Write out every line below again exactly as it stands, skipping each image.

DATA SHOWN:

——————————

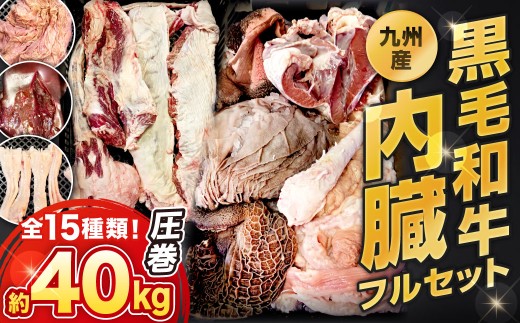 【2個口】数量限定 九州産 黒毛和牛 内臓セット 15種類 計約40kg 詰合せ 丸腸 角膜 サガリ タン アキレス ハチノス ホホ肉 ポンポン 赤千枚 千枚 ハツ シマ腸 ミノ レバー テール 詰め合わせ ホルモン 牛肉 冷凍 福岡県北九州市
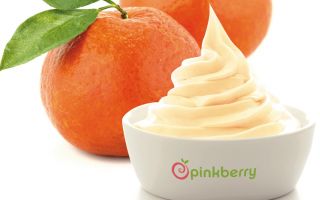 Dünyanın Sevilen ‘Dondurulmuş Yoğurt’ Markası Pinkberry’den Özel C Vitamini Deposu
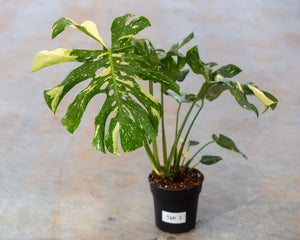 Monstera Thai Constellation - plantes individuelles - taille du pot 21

——————————

SOLUTION TO THIS EXERCISE:
 【2個口】数量限定 九州産 黒毛和牛 内臓セット 15種類 計約40kg 詰合せ 丸腸 角膜 サガリ タン アキレス ハチノス ホホ肉 ポンポン 赤千枚 千枚 ハツ シマ腸 ミノ レバー テール 詰め合わせ ホルモン 牛肉 冷凍 福岡県北九州市
 Dünyanın Sevilen ‘Dondurulmuş Yoğurt’ Markası Pinkberry’den Özel C Vitamini Deposu
 Monstera Thai Constellation - plantes individuelles - taille du pot 21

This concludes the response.